I also rarely spoke of the fact that I was apparently the first “ACE” of the Naval Security Group because there were many green eyes when I got back on shore, especially at Misawa.  Some of my fellow officers were clearly jealous. “Lucky bastard!  He does not deserve all this fame and good (sic) fortune!” seemed to be the attitude of some of the NavSecGru DirSup officers I had left in Japan.  The fact that I had spent several years training in high tech naval combat never seemed to cross almost anyone’s mind, but then at Misawa, we had over two dozen guys who had come through the same pipeline as I had and we were all competing for promotion.  Some of us, myself included, were reserve officers and were also competing to be accepted into the regular Navy during a time of cutbacks. But  I had fallen into a pit of slop and come out smelling like roses.  That slop pit had several pools:  Let me explain.

  • I was trained to be an NSG direct support officer in submarines and was redirected to aviation. (In naval intelligence service in submarine surveillance is # 1 by a mile.)
  • Instead of going home to my family after several weeks of school in the US I was redirected to the WORDEN, a surface ship going into the Sea of Japan.  In naval intelligence Aviation is #2, surface ships are a distant #3.  Demoted twice!
  • WORDEN was redirected to the Gulf of Tonkin, and I was along for the ride at that point. (Shanghied! Not even going where I was trained to go.  What a bummer!)
  • I chose to volunteer to be a CIC watch officer and to train to be an Officer of the Deck. (Why work a shift job when you do not even really have to work? You stupid or crazy? Or both?)
  • I chose to volunteer to stay in Southeast Asia after spending almost two years training to conduct surveillance of the Soviet Union. (“Let me get this straight! You volunteered to stay away from home for 3 more months and to go back into a war zone where you had just had a man literally die in your arms from a grievous wound?  (with many other seriously wounded all around you.) You really are stupid! (And maybe crazy, too!”)

What else could go wrong? My ship gets hit with friendly fire, and I get wounded?  Yea, that too!

I made a series of decisions that, in hindsight, were, clearly the right ones, but it indeed was not clear at the time.  I can only guess Someone really was looking out for me.

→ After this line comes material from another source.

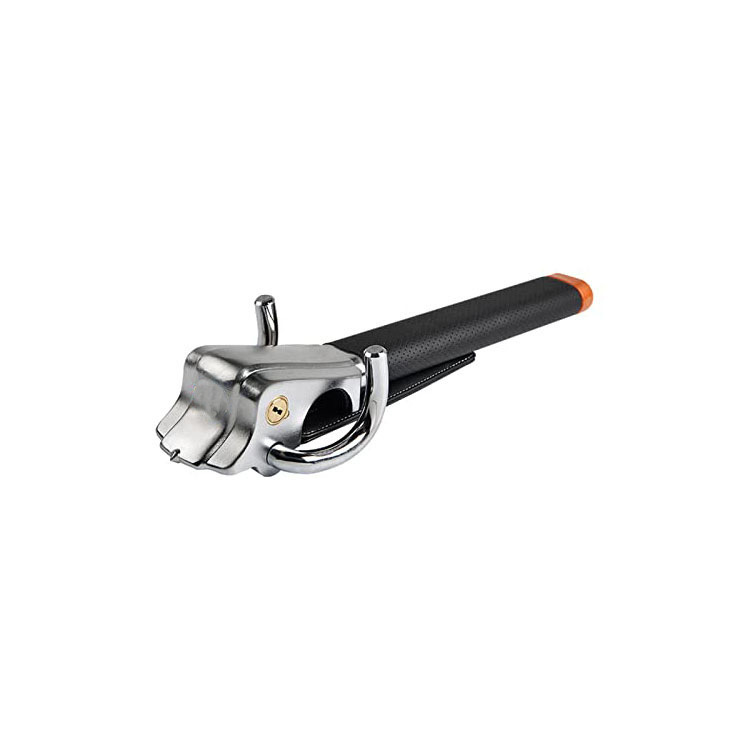 Car steering wheel lock, car safety lock, CE certified, Amazon pic 19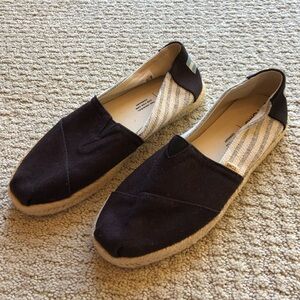 TOMS Alpargata Rope Espadrille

In looking back, my one real advantage over other guys was that I had spent five months as an inquisitive and eager young ENLISTED guy in CIC on HORNE, a missile cruiser off Vietnam.  It was ok for a 3rd class petty officer to ask a lot of questions and make a friendly pest of himself.  Had I been a junior officer I am sure I would have been much more circumspect as officers are just supposed to know a lot of this “stuff” already, even if it is all brand new to everyone except the data systems technicians and radarmen (now called operations specialists), HORNE also had the added advantage for me by having the newest and best Navy Tactical Data System (NTDS) afloat.  My best friends other than the NSG “spooks” who came and went, were the data systems technicians and radarmen especially those who operated the electronic warfare systems such as the WLR-1 (they became electronic warfare technicians and in the late 1990’s I tried to get that rate combined with the CTTs)  who were stationed onboard in CIC with me.  Their workspaces were right next to mine.  They were very proud of their systems and happily answered all of my many, many questions.  I even enrolled in Computer Science 101 and Fortran, being taught by CDR (later RADM) Kleber Masterson, HORNE’s XO, the second in command.  I now realize I was well prepared to jump into that “pit” of very odd circumstance and do a good job.